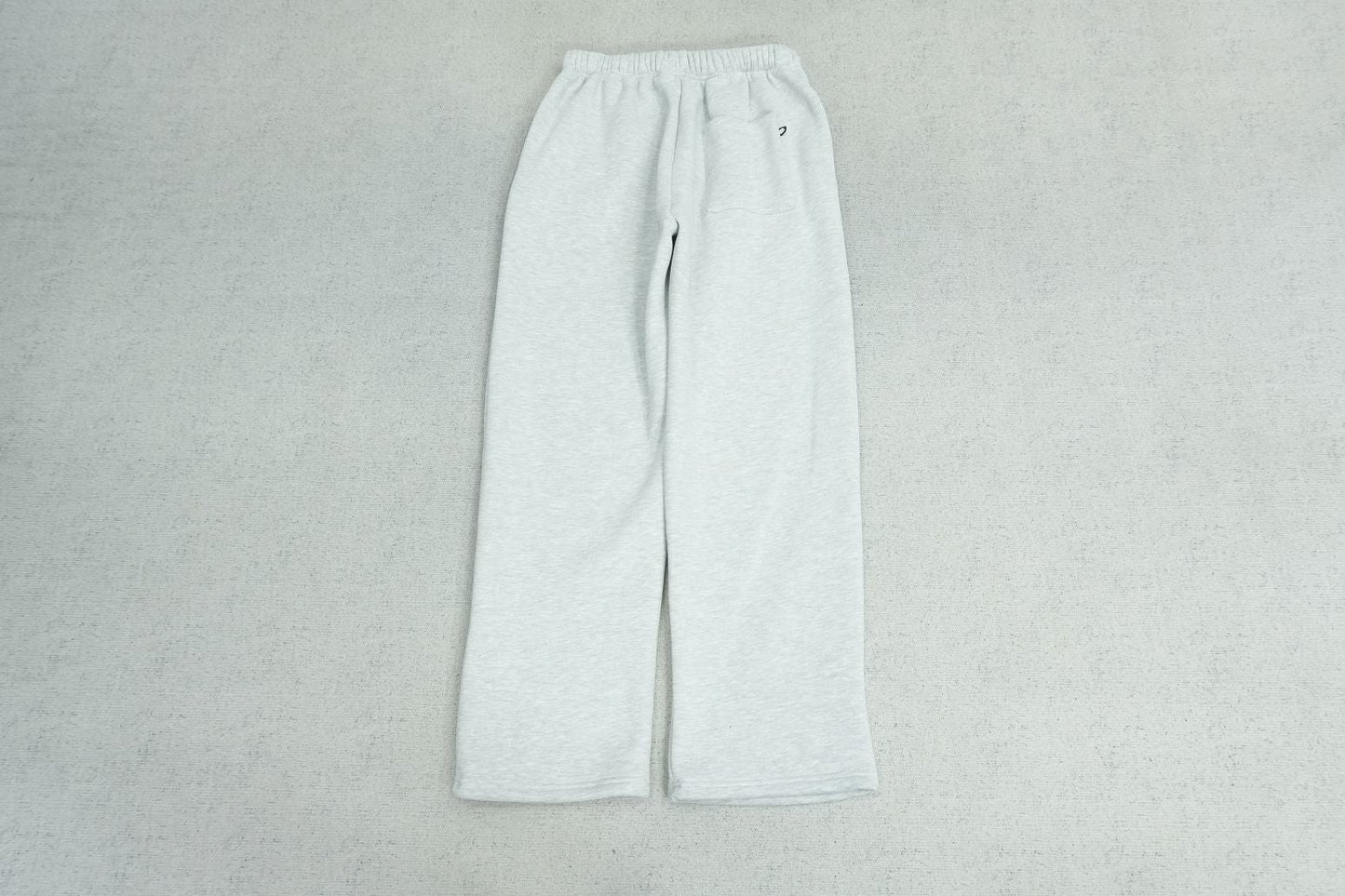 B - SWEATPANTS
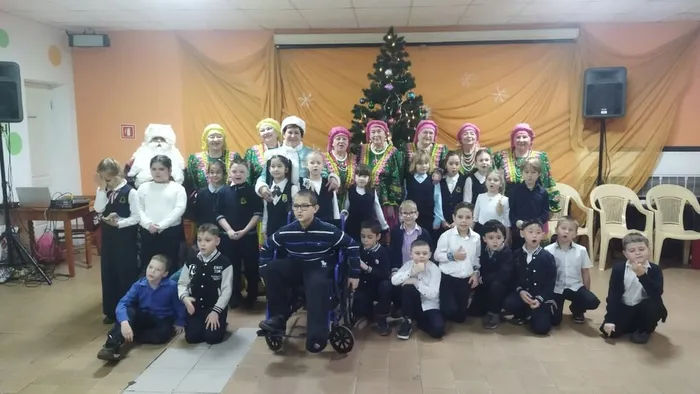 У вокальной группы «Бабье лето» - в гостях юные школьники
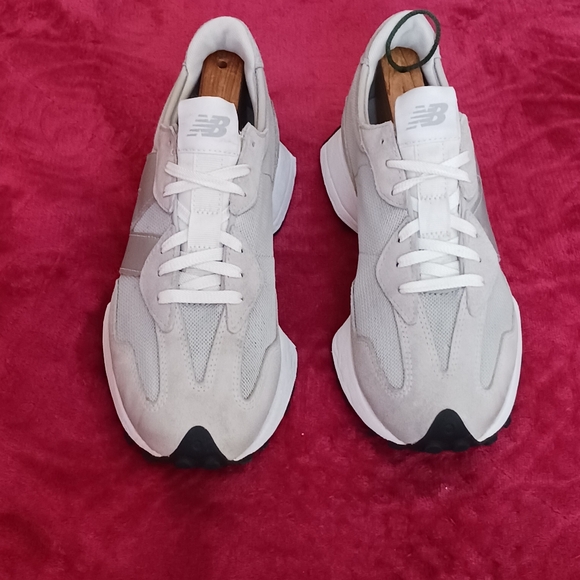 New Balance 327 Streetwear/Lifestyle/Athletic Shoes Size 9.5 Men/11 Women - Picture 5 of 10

————————

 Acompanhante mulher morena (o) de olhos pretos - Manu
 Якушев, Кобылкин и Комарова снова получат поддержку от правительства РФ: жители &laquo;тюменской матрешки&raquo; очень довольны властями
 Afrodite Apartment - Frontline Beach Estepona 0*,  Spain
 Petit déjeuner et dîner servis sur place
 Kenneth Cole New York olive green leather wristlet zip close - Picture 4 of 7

————————

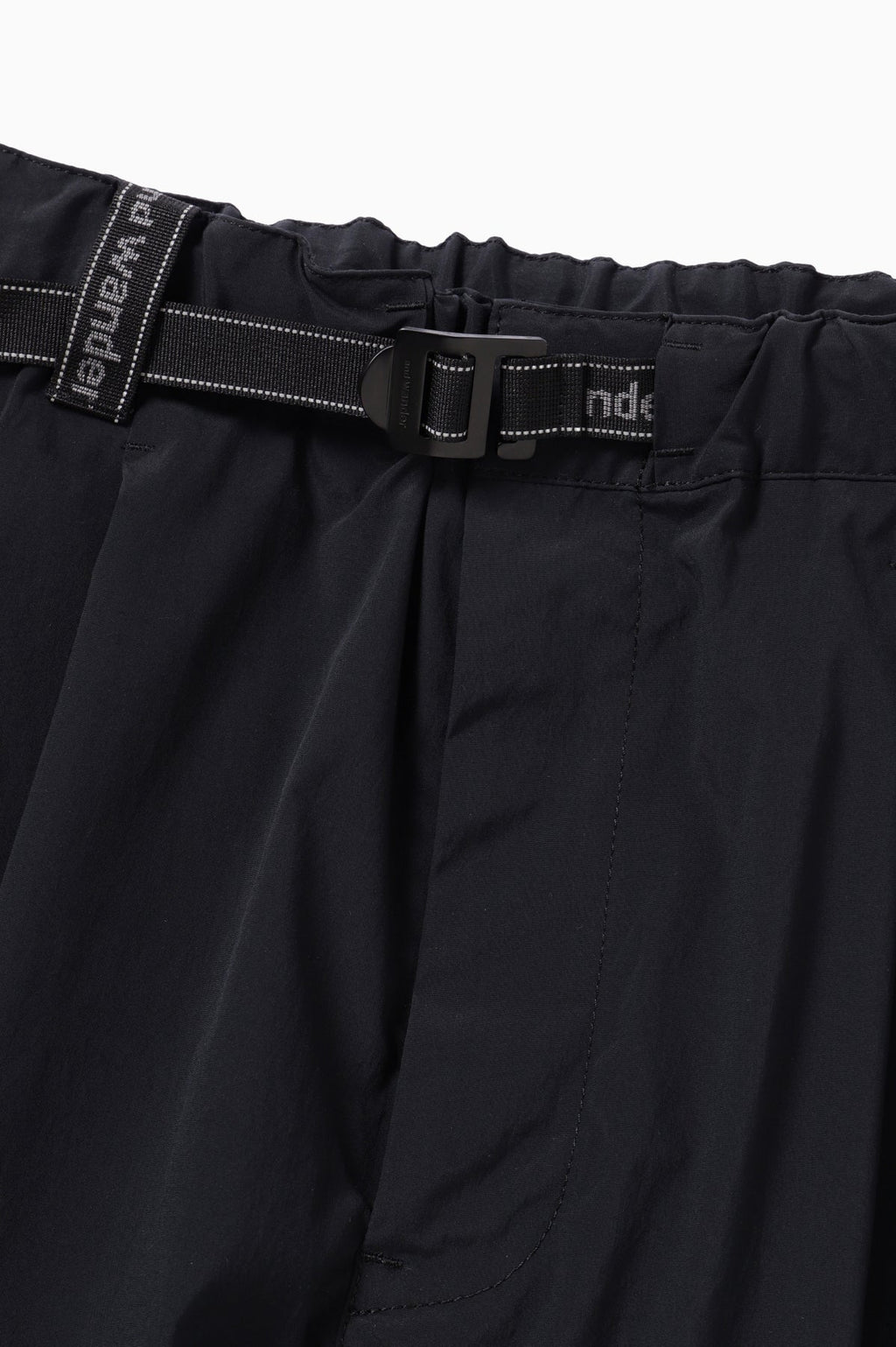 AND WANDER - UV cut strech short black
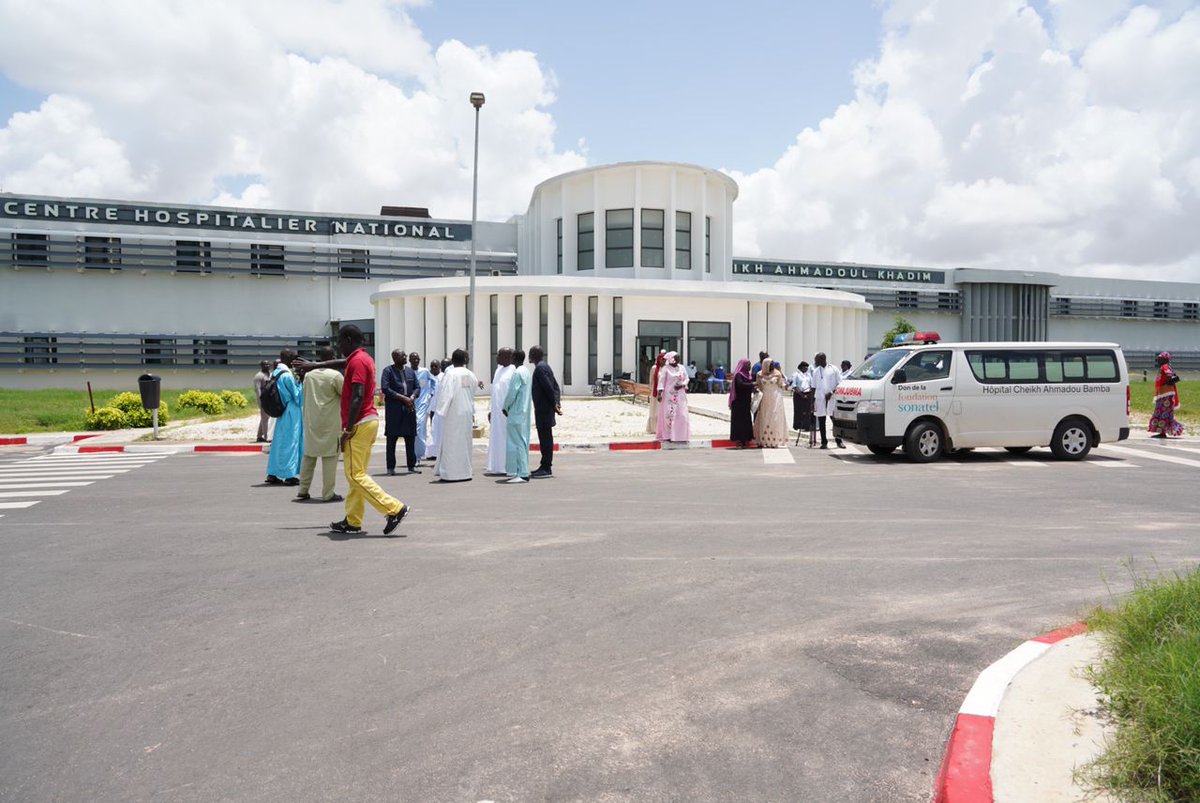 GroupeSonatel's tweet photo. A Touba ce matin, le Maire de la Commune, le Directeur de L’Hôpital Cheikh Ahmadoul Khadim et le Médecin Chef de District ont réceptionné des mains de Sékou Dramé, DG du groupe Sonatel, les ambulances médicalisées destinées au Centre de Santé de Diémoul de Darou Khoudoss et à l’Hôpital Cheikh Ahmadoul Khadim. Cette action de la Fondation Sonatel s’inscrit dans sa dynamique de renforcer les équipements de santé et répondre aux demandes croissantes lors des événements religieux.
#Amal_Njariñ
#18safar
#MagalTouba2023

————————

» Task
Output exactly those lines of the data above that run from the line with "GroupeSonatel's tweet photo." up to and including the line with "#MagalTouba2023". No pictures go in.

» Solution to this problem
 GroupeSonatel's tweet photo. A Touba ce matin, le Maire de la Commune, le Directeur de L’Hôpital Cheikh Ahmadoul Khadim et le Médecin Chef de District ont réceptionné des mains de Sékou Dramé, DG du groupe Sonatel, les ambulances médicalisées destinées au Centre de Santé de Diémoul de Darou Khoudoss et à l’Hôpital Cheikh Ahmadoul Khadim. Cette action de la Fondation Sonatel s’inscrit dans sa dynamique de renforcer les équipements de santé et répondre aux demandes croissantes lors des événements religieux.
#Amal_Njariñ
#18safar
#MagalTouba2023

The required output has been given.